DATA RECORDS
★ ★ ★ ★ ★
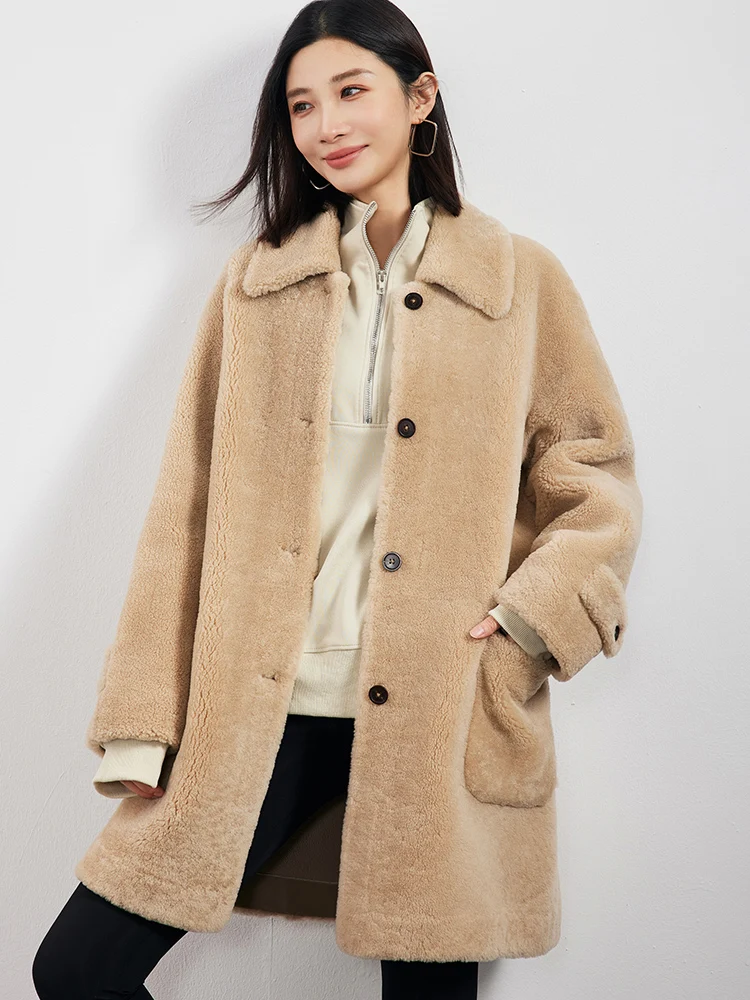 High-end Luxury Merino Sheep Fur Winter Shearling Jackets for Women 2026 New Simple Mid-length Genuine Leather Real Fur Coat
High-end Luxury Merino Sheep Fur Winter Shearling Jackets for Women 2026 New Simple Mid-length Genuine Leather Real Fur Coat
★ ★ ★ ★ ★
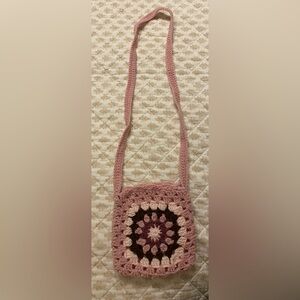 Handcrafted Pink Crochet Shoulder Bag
★ ★ ★ ★ ★
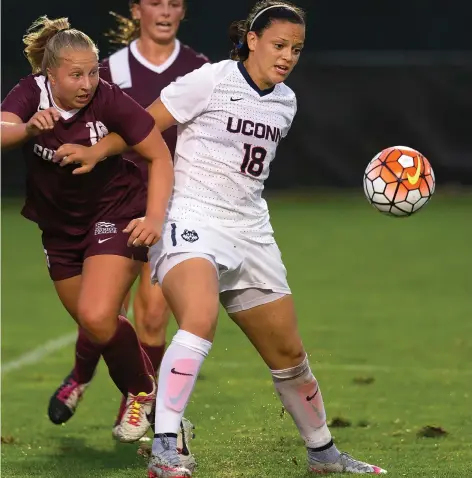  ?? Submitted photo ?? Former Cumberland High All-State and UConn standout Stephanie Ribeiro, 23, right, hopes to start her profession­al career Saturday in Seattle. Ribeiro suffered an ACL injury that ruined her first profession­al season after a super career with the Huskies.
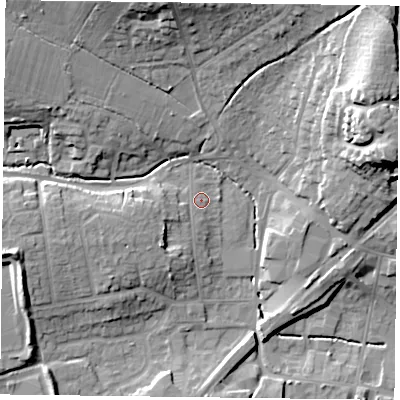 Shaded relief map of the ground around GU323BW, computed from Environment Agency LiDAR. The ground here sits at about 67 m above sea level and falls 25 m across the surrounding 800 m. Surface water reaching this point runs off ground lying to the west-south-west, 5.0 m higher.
★ ★ ★ ★ ★
WHAT THIS TASK INVOLVES
Copy needed, without pictures: the lines of the listing above from the line containing "with the Huskies." up to and including the line containing "Shaded relief map", set down exactly.

RESPONSE
  ?? Submitted photo ?? Former Cumberland High All-State and UConn standout Stephanie Ribeiro, 23, right, hopes to start her profession­al career Saturday in Seattle. Ribeiro suffered an ACL injury that ruined her first profession­al season after a super career with the Huskies.
 Shaded relief map of the ground around GU323BW, computed from Environment Agency LiDAR. The ground here sits at about 67 m above sea level and falls 25 m across the surrounding 800 m. Surface water reaching this point runs off ground lying to the west-south-west, 5.0 m higher.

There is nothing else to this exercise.